My understanding is that a thermal break/expansion jiont in those areas are a good solution. The thermal mass of the slab, insulated under retains a large amount of heat and easily offsets a minimal heat loss. Putting a conducting material such as steel or running concrete to concrete is less effective. Allowing the heat to easily travel outside the building envelope, creating a more significant heat loss.


----------



## CENTERLINE MV (Jan 9, 2011)

Texas Wax said:


> My understanding is that a thermal break/expansion jiont in those areas are a good solution. The thermal mass of the slab, insulated under retains a large amount of heat and easily offsets a minimal heat loss. Putting a conducting material such as steel or running concrete to concrete is less effective. Allowing the heat to easily travel outside the building envelope, creating a more significant heat loss.


Yes, but if the steel is insulated as illustrated in my drawing, there is no significant thermal break.


----------



## Golden view (Feb 16, 2012)

CENTERLINE MV said:


> Yes, but if the steel is insulated as illustrated in my drawing, there is no significant thermal break.

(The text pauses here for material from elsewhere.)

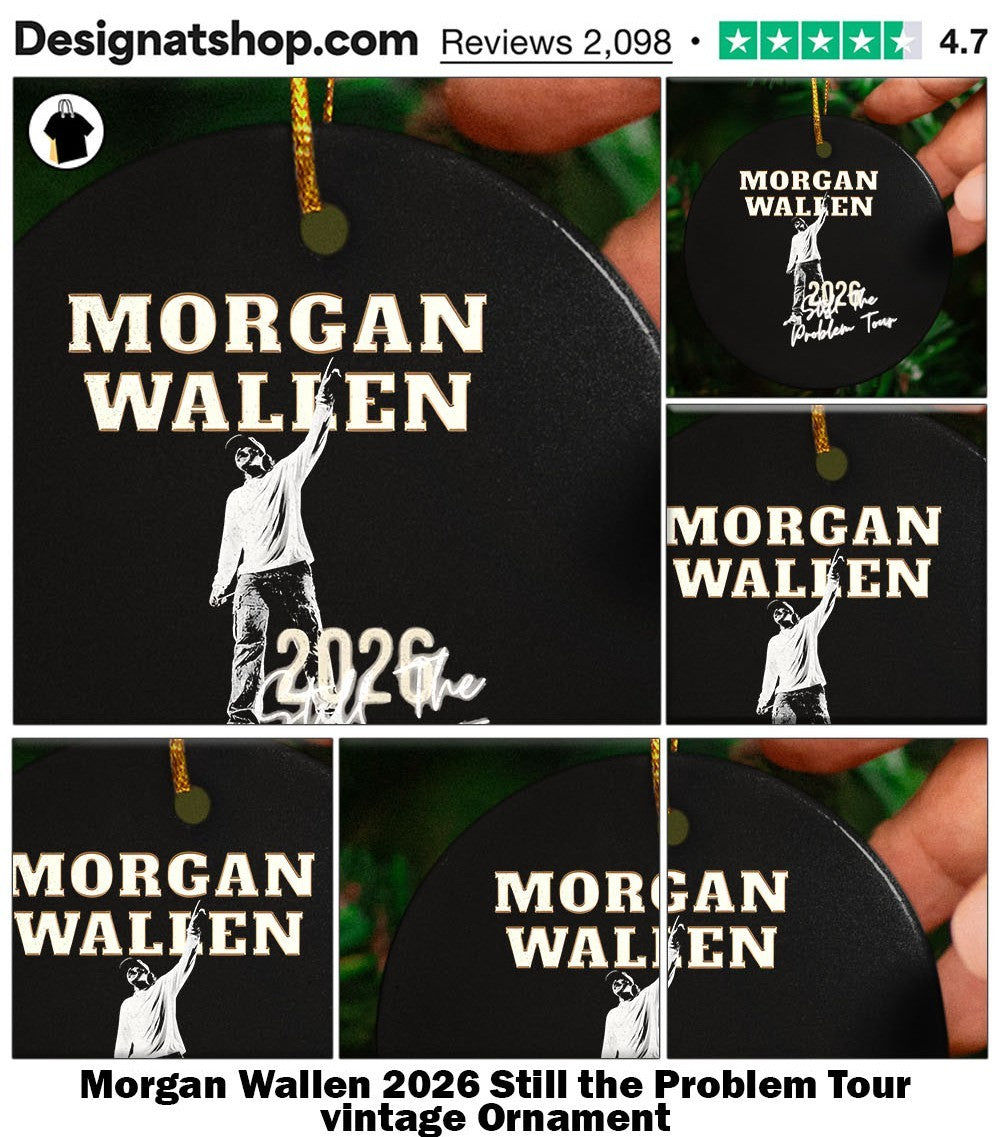 Morgan Wallen 2026 Still the Problem Tour vintage shirt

A lot of heat escapes through the flange in that scenario.


----------



## Philament (Dec 9, 2014)

What's the cross-section of the foundation look like at the garage door? 
Are you pouring and apron in front of the garage or gravel ramp?
Have you poured the slab inside already?


----------



## CENTERLINE MV (Jan 9, 2011)

Golden view said:


> A lot of heat escapes through the flange in that scenario.


I'm thinking about keeping the flange in the conditioned space and pouring a slab outside of the door. The edge of the flange will basically be where the garage door lands. Also, the flange is only 1/4" thick and maybe 2-3" wide so I don't think much of a heat sink regardless.


----------



## CENTERLINE MV (Jan 9, 2011)

Philament said:


> What's the cross-section of the foundation look like at the garage door?
> Are you pouring and apron in front of the garage or gravel ramp?
> Have you poured the slab inside already?

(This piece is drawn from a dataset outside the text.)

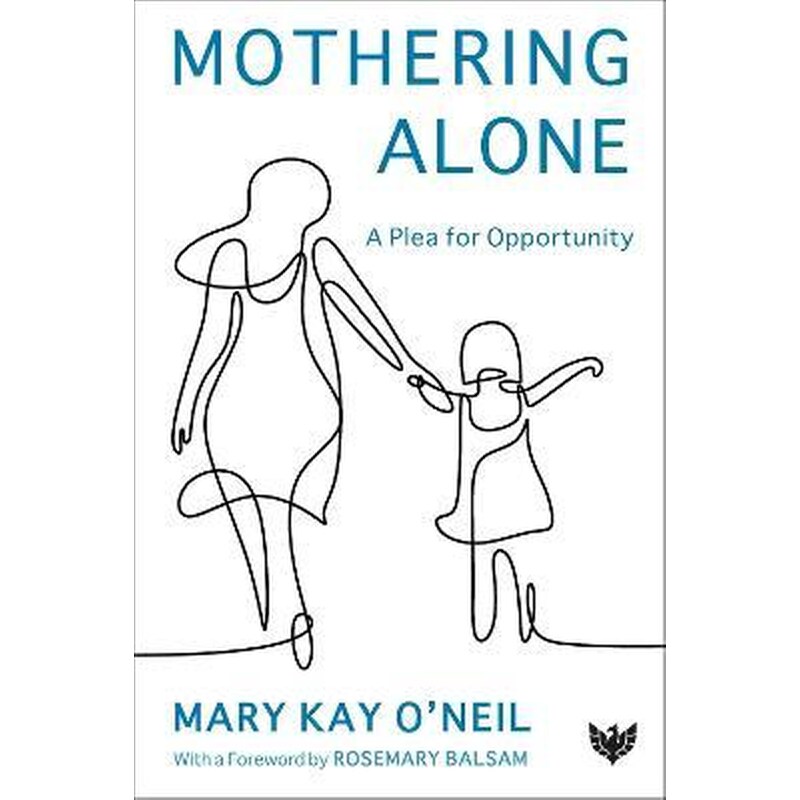 Mothering Alone : A Plea for Opportunity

I'll make a sketchup drawing of what I'm thinking & post up l8r... Stay tuned!


----------



## Morning Wood (Jan 12, 2008)

The radiant can be nice for keeping ice away from the garage door seal. I don't really see the problem with your I-beam other than it rotting out over time. Maybe use stainless😄


----------



## CENTERLINE MV (Jan 9, 2011)




----------



## TimNJ (Sep 7, 2005)

I don't like the "I" beam idea.
With you up in MA. bringing in equipment with road salt will spell future disaster for that steel.


----------



## CENTERLINE MV (Jan 9, 2011)

TimNJ said:


> I don't like the "I" beam idea.
> With you up in MA. bringing in equipment with road salt will spell future disaster for that steel.


Here on the Vineyard 95% of our roads are dirt roads & very little salt is used (We're also in gardening zone 7a and rarely see snow & ice---except the past week lol). The garage bays open up to a mechanics shop for power equipment. The large openings are for getting machinery, mowers, etc... in to the mechanic. I plan on priming the beam with automotive primer and spraying with a durable finish. If he's gotta spray it once a year for maintenance then so be it.


----------



## rustyjames (Aug 28, 2008)

I would just leave a 1/2" gap between the slab and apron, backer rod, sealant and be done with it :thumbsup:


----------



## Morning Wood (Jan 12, 2008)

Again, stainless.


----------



## Golden view (Feb 16, 2012)

I'm not convinced any of these ideas have a ROI period better than the life of the structure.


----------



## Golden view (Feb 16, 2012)

This


----------



## CENTERLINE MV (Jan 9, 2011)

Golden view said:


> This


I like the idea, but with EPS beveled like that, I'm afraid the concrete would crack from a machine driving over that spot.

I also like the idea of stainless, but I'm sure that would be wicked expensive.

The 1/2" gap with backer rod & sika sealant is probably the most cost-effective route for R.O.I.


----------